Comparing an int and Integer in Java

Consider the following snippet:

Integer Foo = 2;
int foo = 1;
boolean b = Foo < foo;

is < done using int or Integer? What about ==?

Upvotes: 1

Views: 220

Answers (4)

Sergey Kalinichenko
Sergey Kalinichenko

Reputation: 727077

According to JLS, 15.20.1

The type of each of the operands of a numerical comparison operator must be a type that is convertible (§5.1.8) to a primitive numeric type, or a compile-time error occurs.
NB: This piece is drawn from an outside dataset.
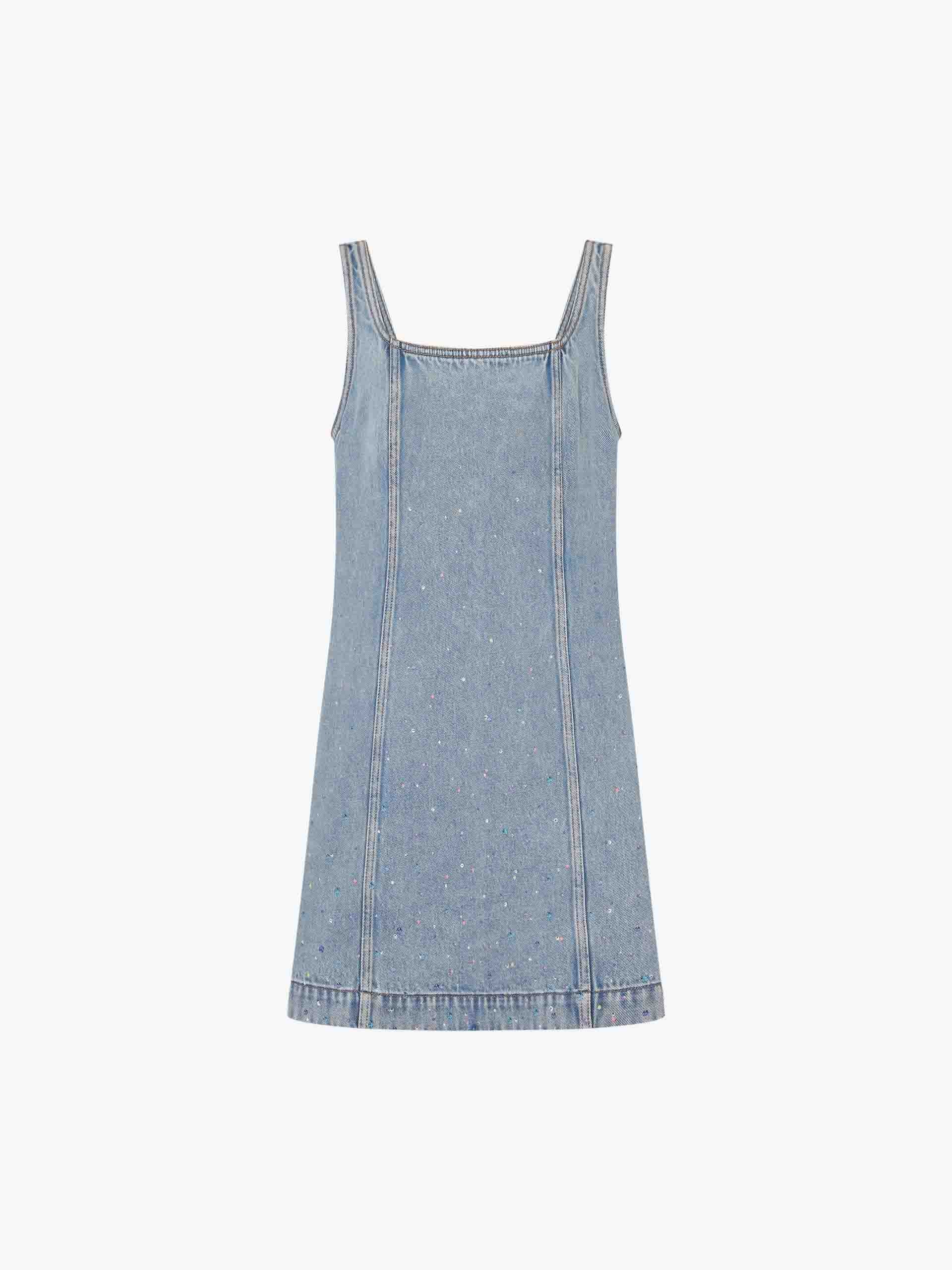 Crystal Detail Sleeveless Dress - Image 5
Binary numeric promotion is performed on the operands (§5.6.2).

Further, 5.6.2 states that

If any operand is of a reference type, it is subjected to unboxing conversion

This explains what is happening in your program: the Integer object is unboxed before the comparison is performed.

Upvotes: 3

meet thakkar
meet thakkar

Reputation: 84

The Wrapper types for primitive types in java does automatic "type casting" ( or autoboxing / unboxing) from Object to compatible primitive type. so Integer will be converted to int before passing it to comparison operators or arithmetic operators like < , > , == , = , + and - etc.

Upvotes: 0

Geralt_Encore
Geralt_Encore

Reputation: 3771

They will be done using int due to Autoboxing and Unboxing.

Upvotes: 2

Bathsheba
Bathsheba

Reputation: 234875

For all the relational operators (including therefore < and ==), if one type is the boxed analogue of the other, then the boxed type is converted to the unboxed form.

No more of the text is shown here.